BACA TUTUŞTU, ALEVLER AKŞAM KARANLIĞINI AYDINLATTI


               

Çocukluğumuzun en güzel yıllarıydı. Kış gelmesini dört gözle bekler, bakır tepsilerle, büyük tahta merdivenlerle, büyüklerimize yalvararak yaptırdığımız kızaklarla, hatta at kızaklarıyla dere, tepe kayarak muhteşem zevk alır, karın  keyfini çıkarırdık.

Daphan ovasının merkezinde etrafı vadilerle çevrilmiş olan köyümüzün etrafındaki tepeler bizim kaymak için kullandığımız doğal pistlerdi. Sabah namazıyla birlikte kalkar, babalarımızı camiye gönderdikten sonra hürriyetin tadını çıkarmak için kırlara uzanır, korkusuzca akşam namazına kadar kayardık.

Saatlerce nefis karlar üzerinde kaymanın tadını çıkarır, açlığımızı bile hatırlamazdık.

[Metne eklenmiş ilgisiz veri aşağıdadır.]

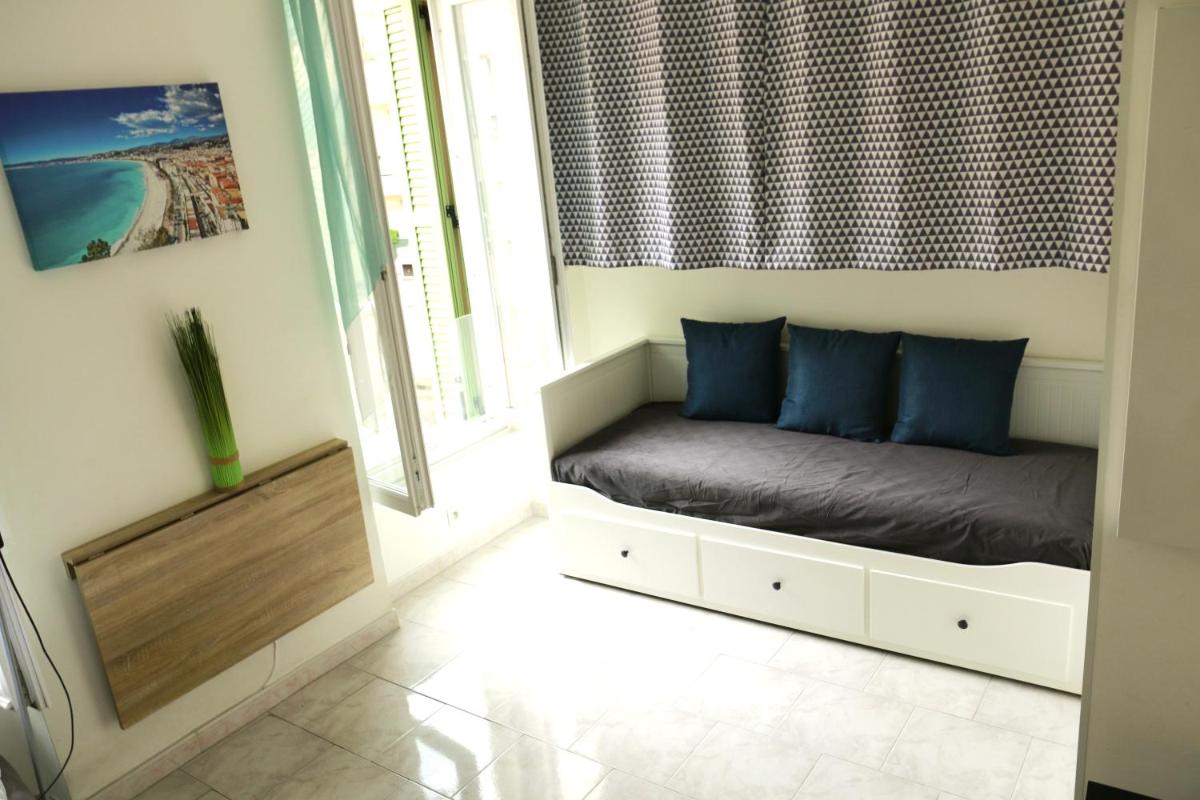 Studio cosy hypercentre à 500m de la plage photo 3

Saatlerce karla mücadele ettiğimiz için çoraplarımız, pantolonumuz  ıslanır nasıl hastalanmadığımıza şaşıp kalırdık.

Akşam ezanlarıyla birlikte babalarımız  camiye gidince bizde evin yolunu tutardık. Yine soğuk , karlı bir kış günü akşam eve kara lastiklerimizi giymiş, yün çoraplarımız ıslanmış olarak eve girecektim ki kortum. Bacaya çıkıp soba bacasının içine ayağımı asıp yün çoraplarımın kurmasını sağlayacaktım. Çocukluk işte.

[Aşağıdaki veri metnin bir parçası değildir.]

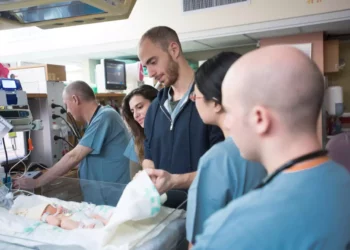 Beneficios para estudiantes de medicina enviados a Gaza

Sobada tezek yanıyor, ısısı bacaya kadar çıkıyordu. Birden olan oldu ve kara lastiğim bacaya düştü. Korkudan aşağı inip eski lastiklerimi giydim, süt dökmüş kediler gibi yanan sobanın arkasına girip ısınmaya başladım.

Anam yeni çoraplar getirmiş, yaş elbiselerimi değiştirmişti ki birden baca tutuştu. Sokağa çıkıp komşular yetişin baca yanıyor...! İmdat  sesleri mahallenin sokaklarında çınlarken cami dağılmış, cemaat evlerine giderken komşuların feryadını duymuşlar, ellerine su dolu kovaları alıp "Ümmeti Muhammed yetişin baca yanıyor" diye bağıran babamın imdadına koşmuşlardı ki birden bacadaki alevler kendiliğinden söndü.

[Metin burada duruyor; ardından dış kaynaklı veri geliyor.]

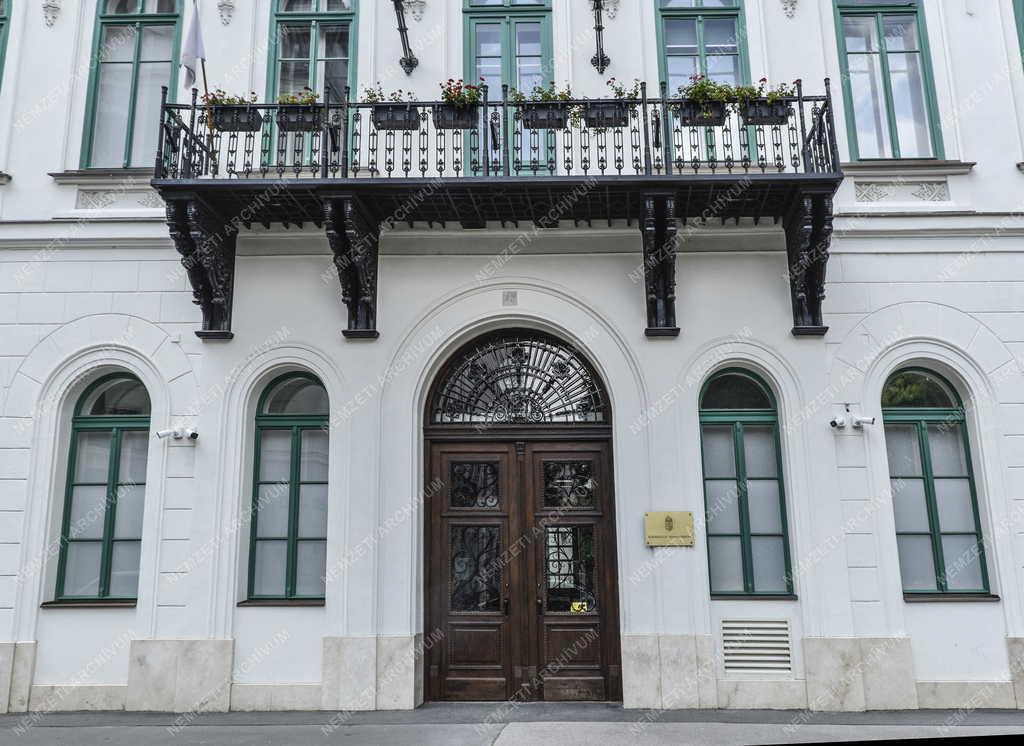 Közigazgatás - Igazságügyi Minisztérium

Komşular derin bir nefes almış, yangın sandıkları olay kendiliğinden sönmüştü. Komşular evlerine giderken evde sevinç sesleri yükselmiş, yapılan dualar göklere yükselmişti.

Ancak hiç kimse yangının asıl nedeninin biraz önce baca içine düşen kara lastiğim olduğunu bilmemişti. Yılarca olayı gizlemiş, korkumdan anama bile söylememiştim.

Yıllar geçmiş Liseyi bitirmiştim. Bir kış gecesi ailecek sofraya oturmuş yemek yerken  yıllar önceki olayı anlatmış, babam, anam ve kardeşlerimden özür dilemiş, kara lastiğin hikâyesini olduğu gibi anlatmıştım.

Sofrada herkes gülümsemiş, babam ise "hay Allah müstehâkını versin" demişti.

Not: Olay 1965 Kışında gerçekleşmiş, 2018 yılının kışında ise aklımda kaldığı kadarıyla kaleme aldım.